Unfortunately, investors do not agree how to calculate this key number that goes into all value investing analysis. Fortunately, learning the different factors of free cash flow is fun and builds confidence!

As we wend our way, today using online leader Google (GOOG) as our example, you will gain investing power and end up knowing more about this subject than 99% of investors.

Flow, cash, flow
Let’s start with a simplified nine-month 2007 cash flow statement for Google, taken from the company’s recent results [we always wait for the SEC filings for finalized numbers, but in this example, the press release has to do]:

click to enlarge

What the statement does here is really quite simple. Because the income statement is an accountant’s rendering of company revenues and expenses for tax purposes, there are many items that are accounting fictions – items that increase or reduce free cash flow but aren’t cash themselves. A major one is depreciation and amortization. The cash flow statement takes net income from the income statement and adds back D&A and other non-cash items in the “cash flows from operating activities” section.

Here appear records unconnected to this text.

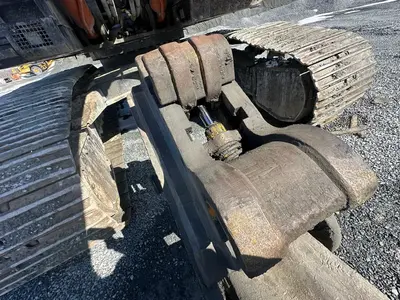 Used 2022 HITACHI ZX490-LC6 Excavators Pennsylvania US | Proxy Equipment #1383014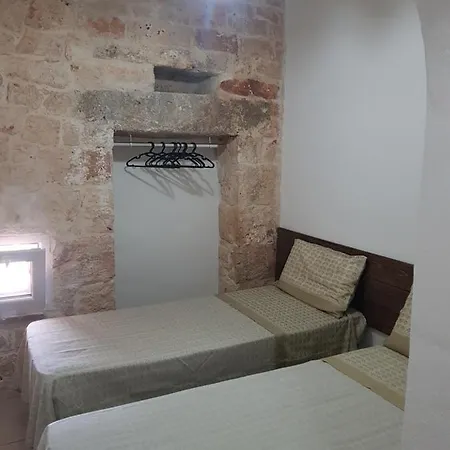 Villa Trullo Victory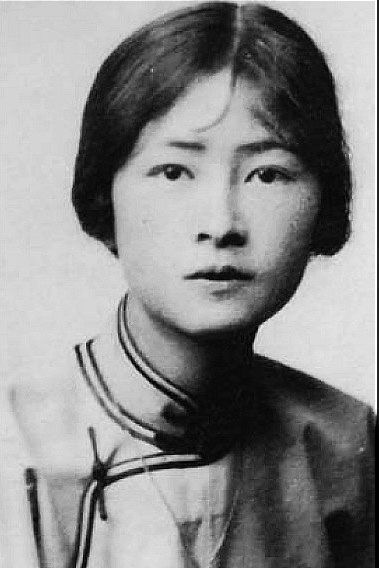 谁更爱林徽因?梁思成续弦另娶  金岳霖 病危拿照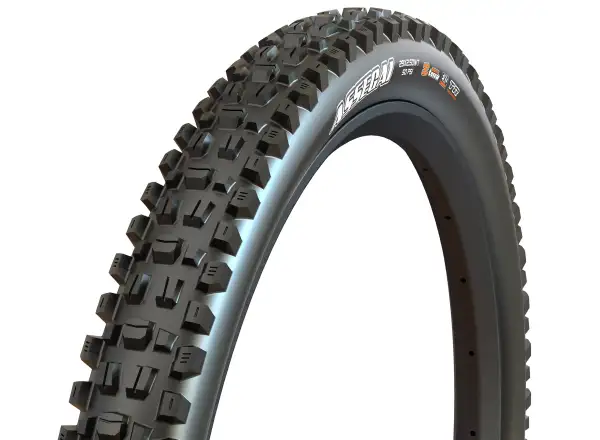 Maxxis Assegai MaxxTerra/EXO+/TR 29x2,50" MTB Reifen Kevlar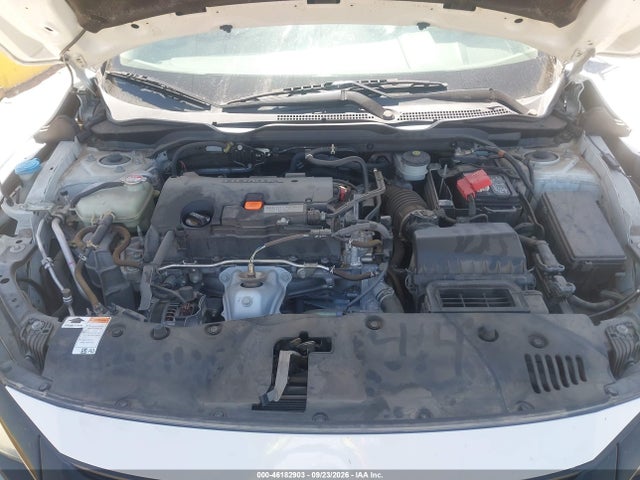 Продажа на аукционе авто 2019 Honda Civic Lx, vin: 2HGFC2F67KH568612, номер лота: 46182903
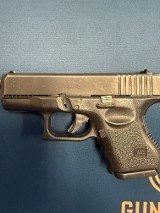 GLOCK 27 .40 S&W - 2 of 3
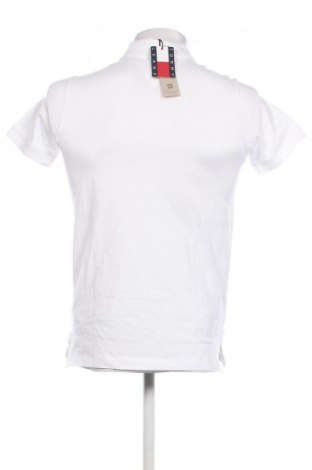 Pánske tričko  Tommy Jeans, Veľkosť S, Farba Biela, Cena  66,95 €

Once we have the net cash generated by operations, we need to deduct investments in property, plant and equipment, such as computer equipment to provide services, a new warehouse, or in the case of a software company capitalized software development costs. You find this information in the “cash flows from investing activities” section.

The first nine months of 2007, Google had net cash from operating activities of $4.082 billion (Item A) and cap ex of $1.724 billion (Item B), leaving true FCF of $2.358 billion. With 316 million diluted shares, that’s FCF of $7.46 a share for nine months.

Tax or non-cash benefits, bah!
But wait. The next step beyond true FCF is to subtract items that are not actually cash generated by operations, such as the tax benefit from employee exercise of stock options, or stock-based compensation. While the tax benefit and compensation does produce cash for a company in a roundabout way (lower taxes equals more cash retained, and paying stock rather than cash obviously preserves cash), it is not what any of us really considers to be operating activities.

We want to value Google as a business based on its advertising dollars earned and related online income from operations, not on how successful it is in awarding stock options. If we fail to exclude these non-operational numbers, we have Fake Free Cash Flow.

When we subtract stock-based compensation, Google's FCF number is now lower, or $1.735 billion, and the per share figure is $5.59 a share, or 25% less.

With Google’s enterprise value at about $190 billion as of Oct. 21, the difference between including or excluding the benefit from this non-operational item is that between an EV/FCF multiple of 82 and 111 on the trailing 9 month results. And that’s without the most important effect, which is the difference in intrinsic value you find whether using the former or the later as your base-year FCF in a discounted valuation model. The end results are miles apart.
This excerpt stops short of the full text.